Machiavelli and the state

Machiavelli and the state
See here for a really comprehensive site.

Machiavelli was so shocking to contemporaries because he was not interested in questions of political legitimacy or even morality. He made no distinction between authority and power and asserted that whoever has the power has the right to command. The Prince arose out of his direct experience of Florentine government and was intended as a manual for the ruler who wished to maintain his power and the safety of the state.

As the legitimacy of law rests entirely upon the threat of coercive force. Machiavelli concluded that it is better for the ruler to be feared than loved.

One can say this in general of men: they are ungrateful, disloyal, insincere and deceitful, timid of danger and avid of profit…. Love is a bond of obligation which these miserable creatures break whenever it suits them to do so; but fear holds them fast by a dread of punishment that never passes.
Machiavelli argues that ruler who lives by his rights alone will never succeed, because in the amoral world of politics those who prefer power to authority are more likely to succeed.
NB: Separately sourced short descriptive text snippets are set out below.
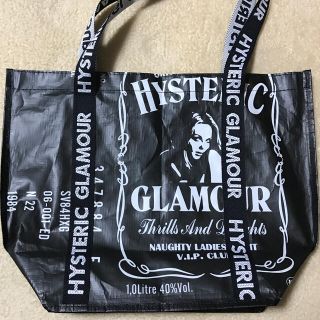 ヒステリックグラマー(HYSTERIC GLAMOUR)のエコバッグ(エコバッグ)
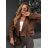 Women's Elegant Oversize Long Sweatpants (S/M/L ONE SIZE) ITALIAN FASHION IMD23634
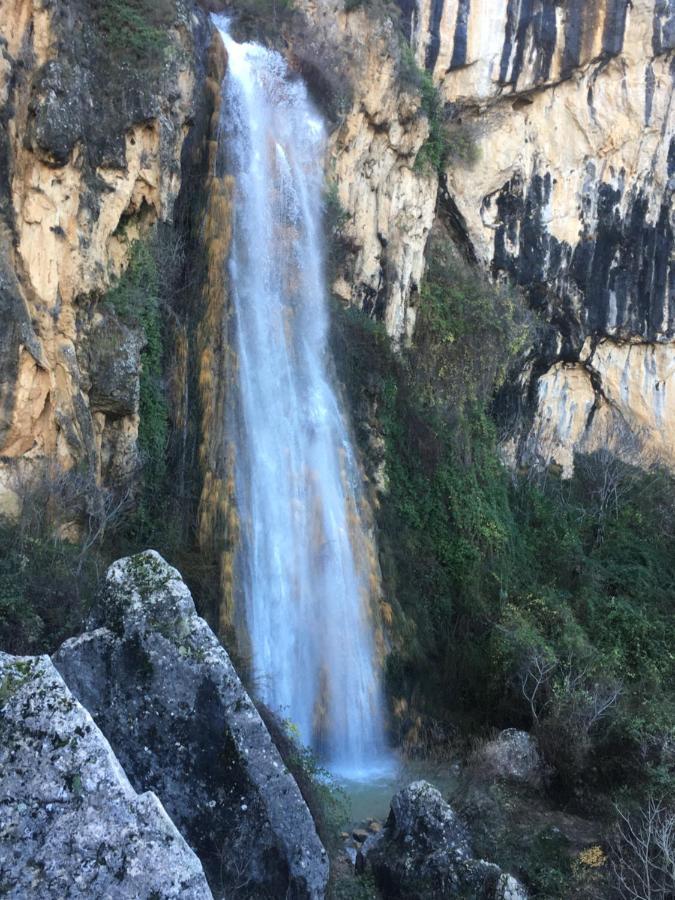 Alojamiento Rural Fuente De La Glorieta Cazorla Esterno foto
In order to achieve obedience, the successful ruler needs to be trained in the art of politics.
One of his key worlds is virtù, which is not the same as the English ‘virtue’. Virtù means the qualities necessary to be a successful ruler. That ruler is best suited for office, on Machiavelli's account, who is capable of varying his conduct from good to evil and back again ‘as fortune and circumstances dictate’. The ruler of virtù is bound to be competent in the application of power.

Another key term is Fortuna. To Machiavelli, Fortuna is a malevolent goddess, responsible for the ills of the world. This makes him a determinist, because a man can only resist her if he is sufficiently prepared by virtù and wisdom. She is a woman who needs to be kept in order. (You will have gathered that Machiavelli was not a politically correct writer.)

Did Machiavelli have a coherent theory of the state? Certainly, the term lo stato appears widely in his writings, but it is seen simply as a princely possession. Machiavelli ehad no concept of a stable constitutional regime or of the principles of representative government.

A famously shocked reaction to Machiavelli's amorality came from the Englishman, Reginald Pole (1500-58):
I found this type of book to be written by an enemy of the human race. It explains every means whereby religion, justice and any inclination toward virtue could be destroyed.
By the end of the sixteenth century he had become a stage villain - 'Old Nick' - appearing, for example in Marlowe's Jew of Malta. Yet there are those who see him as the greatest political thinker between Plato and Marx.